AvgPool2D: How to Incorporate Average pooling into a PyTorch Neural Network

Video Transcript

It is common practice to use either max pooling or average pooling at the end of a neural network but before the output layer in order to reduce the features to a smaller, summarized form.

Max pooling strips away all information of the specified kernel except for the strongest signal.

Average pooling summarizes the signal in the kernel to a single average.

The displayed example network

import torch.nn as nn

class Convolutional(nn.Module):
    def __init__(self, input_channels=3, num_classes=10):
        super(Convolutional, self).__init__()
        self.layer1 = nn.Sequential()
        self.layer1.add_module("Conv1", nn.Conv2d(in_channels=input_channels, out_channels=16, kernel_size=3, padding=1))
        self.layer1.add_module("BN1", nn.BatchNorm2d(num_features=16, eps=1e-05, momentum=0.1, affine=True,
            track_running_stats=True))
        self.layer1.add_module("Relu1", nn.ReLU(inplace=False))
        self.layer2 = nn.Sequential()
        self.layer2.add_module("Conv2", nn.Conv2d(in_channels=16, out_channels=32, kernel_size=3, padding=1, stride=2))
        self.layer2.add_module("BN2", nn.BatchNorm2d(num_features=32, eps=1e-05, momentum=0.1, affine=True,
            track_running_stats=True))
        self.layer2.add_module("Relu2", nn.ReLU(inplace=False))
        self.avg_pool("AvgPool1", nn.AvgPool2D(kernel_size=4, stride=4, padding=0, ceil_mode=False,
            count_include_pad=False))
        self.fully_connected = nn.Linear(32 * 4 * 4, num_classes)
    def forward(self, x):
        y = x.clone()
        x = self.layer1(x)
        x = self.layer2(x)
        x = self.avg_pool(x)
        x = x.view(-1, 32 * 4 * 4)
        x = self.fully_connected(x)
        return x

uses the AvgPool2D function

self.avg_pool("AvgPool1", nn.AvgPool2D(kernel_size=4, stride=4, padding=0, ceil_mode=False,
            count_include_pad=False))

to perform average pooling on the output of the second convolutional layer.

The kernel size argument

kernel_size=4

is required and determines how large of an area the average pooling has taken over.

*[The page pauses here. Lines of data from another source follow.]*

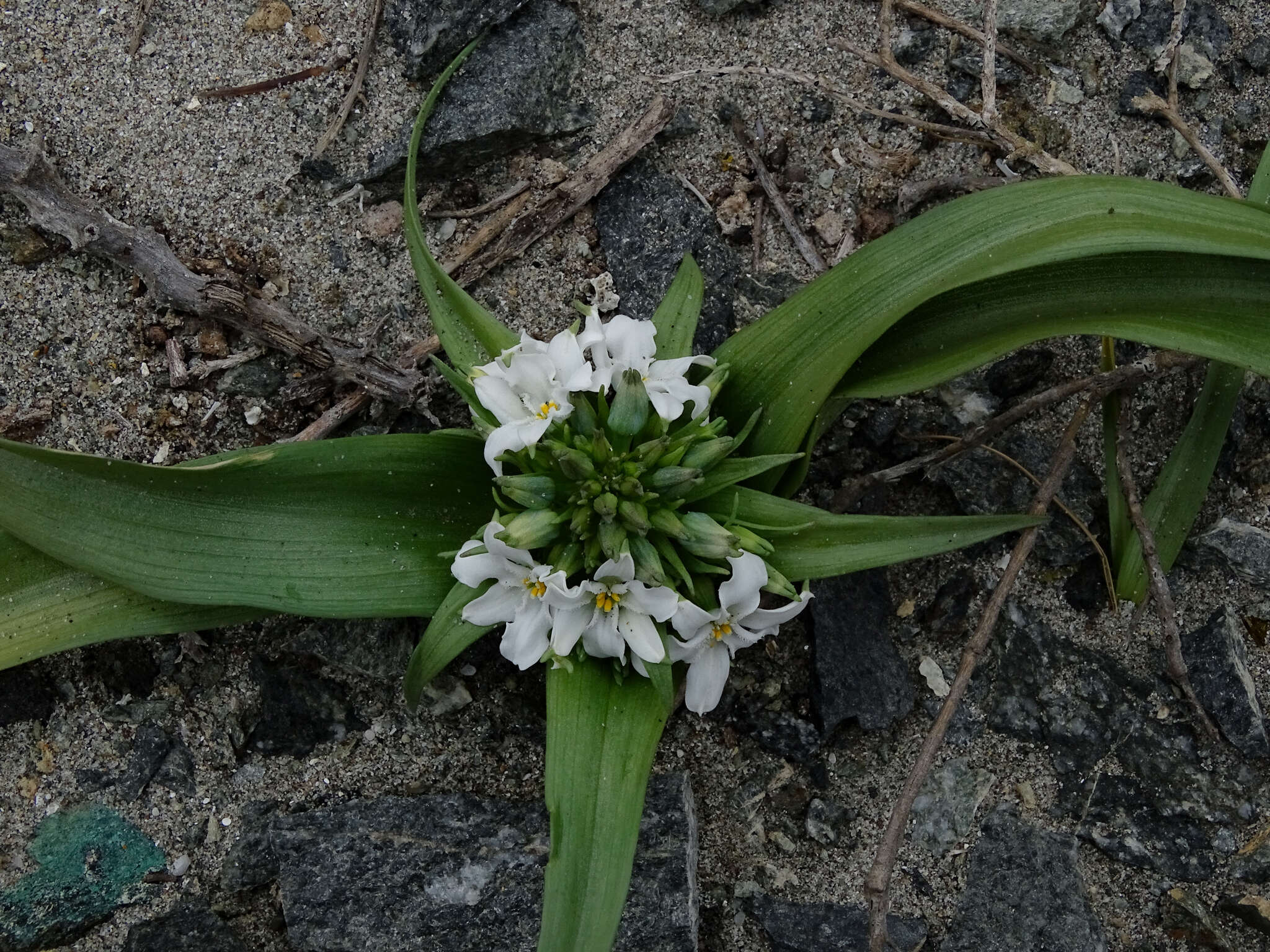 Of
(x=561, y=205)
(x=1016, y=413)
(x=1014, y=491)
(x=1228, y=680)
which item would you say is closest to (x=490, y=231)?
(x=561, y=205)

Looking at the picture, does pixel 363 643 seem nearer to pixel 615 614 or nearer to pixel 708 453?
pixel 615 614

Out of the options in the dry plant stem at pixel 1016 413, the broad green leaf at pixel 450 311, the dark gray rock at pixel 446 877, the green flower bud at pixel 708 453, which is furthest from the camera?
the dry plant stem at pixel 1016 413

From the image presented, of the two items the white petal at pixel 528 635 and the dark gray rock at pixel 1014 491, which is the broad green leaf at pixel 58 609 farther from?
the dark gray rock at pixel 1014 491

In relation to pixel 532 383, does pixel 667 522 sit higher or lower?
lower

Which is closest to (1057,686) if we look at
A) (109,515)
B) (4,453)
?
(109,515)

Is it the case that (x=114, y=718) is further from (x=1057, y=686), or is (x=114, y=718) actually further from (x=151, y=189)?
(x=1057, y=686)

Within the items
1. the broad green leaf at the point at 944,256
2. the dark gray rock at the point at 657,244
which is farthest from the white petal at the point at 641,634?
the dark gray rock at the point at 657,244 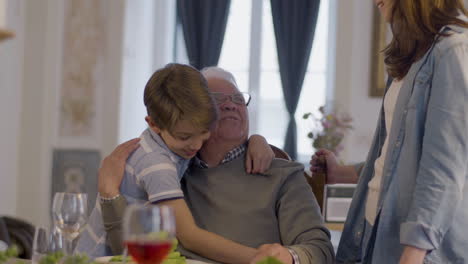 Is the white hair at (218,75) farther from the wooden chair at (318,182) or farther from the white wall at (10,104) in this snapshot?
the white wall at (10,104)

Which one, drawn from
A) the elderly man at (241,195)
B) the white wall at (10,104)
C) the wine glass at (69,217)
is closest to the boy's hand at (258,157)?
the elderly man at (241,195)

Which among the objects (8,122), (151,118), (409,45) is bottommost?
(8,122)

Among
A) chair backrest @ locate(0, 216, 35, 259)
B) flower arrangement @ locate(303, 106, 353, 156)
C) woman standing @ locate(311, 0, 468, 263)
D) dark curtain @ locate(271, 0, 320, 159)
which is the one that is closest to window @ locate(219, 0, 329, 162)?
dark curtain @ locate(271, 0, 320, 159)

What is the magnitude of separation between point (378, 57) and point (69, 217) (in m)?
5.38

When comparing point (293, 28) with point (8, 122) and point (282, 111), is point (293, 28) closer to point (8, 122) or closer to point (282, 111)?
point (282, 111)

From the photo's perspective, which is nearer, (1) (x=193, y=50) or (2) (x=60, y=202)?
(2) (x=60, y=202)

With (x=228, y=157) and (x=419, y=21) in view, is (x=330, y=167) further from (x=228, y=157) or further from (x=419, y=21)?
(x=419, y=21)

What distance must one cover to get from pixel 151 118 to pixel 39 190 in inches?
195

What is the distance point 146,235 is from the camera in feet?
3.60

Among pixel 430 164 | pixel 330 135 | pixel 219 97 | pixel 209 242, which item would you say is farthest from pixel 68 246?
pixel 330 135

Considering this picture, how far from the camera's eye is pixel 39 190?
658 cm

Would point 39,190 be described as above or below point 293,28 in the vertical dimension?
below

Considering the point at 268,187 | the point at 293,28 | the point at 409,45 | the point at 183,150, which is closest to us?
the point at 409,45

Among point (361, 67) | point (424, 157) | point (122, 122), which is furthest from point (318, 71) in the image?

I chose 4 because it evenly divides the height and width of the output of the Conv2d layer above it which is 16x16.

The stride

stride=4

can be specified as smaller or larger than the kernel size but having it be equal to the kernel size ensures that there is no overlap in the output averages, as is the case if the stride is less than the kernel size, and then no values are skipped over as is the case if the stride is greater than the kernel size.

This value defaults to kernel size.

Padding

padding=0

is the implicit zero padding to be added to the edges of the inputs before calculation.

This can be useful if your kernel size does not evenly divide the height and width of the input features.

This will default to zero.

Average pooling needs to compute a new output shape.

This is usually calculated using a formula

ceil_mode=False

involving the kernel size, stride, padding, and shape of the inputs, then taking the floor of that calculation.

This can be changed to the ceiling by setting ceil_mode=True.

count_include_pad

count_include_pad=False

becomes relevant if you have added implicit zero padding.

In that case, setting count_include_pad to true will instruct avg_pool to include the zero padding when calculating its averages.

After the average pool layer is set up, we simply need to add it to our forward method.

x = self.avg_pool(x)

One last thing, the input dimensions of the fully connected output layer need to be changed to match average pool as average pool changes the shape of layer2’s outputs.

self.fully_connected = nn.Linear(32 * 4 * 4, num_classes)

The input dimension is now 32x4x4 because average pool has reduced the height and width of each feature map to 4.

This needs to also be updated in the view function so it is opening tensors to the desired shape.

x = x.view(-1, 32 * 4 * 4)